Reports last month suggested that fellow Dallas-based real estate investment firm Lincoln Property Company had agreed to acquire the recently constructed nine-story, 167,000-square-foot office and retail building between 10th and 11th Avenues.
However, sources with knowledge of the transaction told CO that Lincoln Property, which also provides brokerage services, only served as the buyer’s broker representative on the deal—with private real estate investment firm Ramrock being the true entity that bought the building from Savanna and its joint venture partner, the Silvermintz family.
Details are few and far between on Ramrock and the principals backing the firm, and the company could not be reached for comment. According to a Savanna press release today announcing the sale of 540 West 26th Street, the Dallas firm was formed in late 2017 and owns a portfolio of commercial real estate assets valued at more than $1 billion and located in markets including Atlanta, Dallas, Denver and Houston.
While Lincoln Property and Ramrock have collaborated on several deals nationally in recent months, sources with knowledge of both firms’ operations told CO that the companies are separate, unaffiliated entities with different leadership teams. But the two companies undeniably have close ties; this year alone, Lincoln sold a two-building office complex in Austin, Tex., to Ramrock, while also representing the firm in its purchase of a Denver office tower.
Savanna finished work on 540 West 26th Street, also known as Chelsea 540, earlier this year and succeeded in leasing out the majority of the Morris Adjmi Architects-designed building to two tenants: private educational institution Avenues: The World School, which inked a deal for 85,000 square feet before construction began, and Jay-Z’s entertainment company Roc Nation, which signed on for roughly 72,000 square feet earlier this year.

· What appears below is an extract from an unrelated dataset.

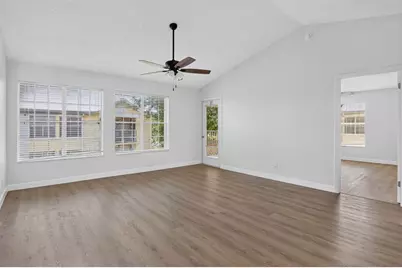 6323 La Costa Drive #M, Boca Raton, FL 33433 - Photo 8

The boutique office building features 15-foot ceilings, oversized windows and 9,300 square feet of outdoor space, as well as “gallery”-oriented retail spaces with 20-foot ceilings. Savanna financed the development with a $115 million construction loan from Deutsche Bank.
“Our tenants at 540 West 26th Street quickly embraced our vision for a building that is contextual to its location in West Chelsea and enabled us to lease up quickly,” Savanna Founder and co-Managing Partner Christopher Schlank said in a statement announcing the deal with Ramrock. “We’re extremely pleased with the successful completion and disposition of this ground-up development project with our partner, the Silvermintz family.”
Jim Stein of Lincoln Property represented Ramrock in the transaction, while a Cushman & Wakefield (CWK) team of Adam Spies, Doug Harmon, Joshua King, Kevin Donner, Adam Doneger and Anthony Pasqual arranged and negotiated the deal on behalf of Savanna.
“The buyer was attracted to the asset for the outstanding income probability, exceptional quality of construction and Chelsea’s future as the premier destination for elite office tenants,” Stein said in a statement to CO, adding that Chelsea is “the most underserved office submarket in Manhattan, especially for high-quality space.”
Representatives for C&W did not return a request for comment.
The acquisition of the Chelsea property is Ramrock’s second-ever real estate deal in the city and its second transaction with Savanna in recent months. Earlier this year, the Dallas company struck a deal to acquire 95 Evergreen Avenue in Bushwick from Savanna and Hornig Capital Partners, as The Real Deal reported at the time. Savanna and Hornig partnered to redevelop the former brewery into a boutique office building that’s now fully leased to the city’s Human Resources Administration.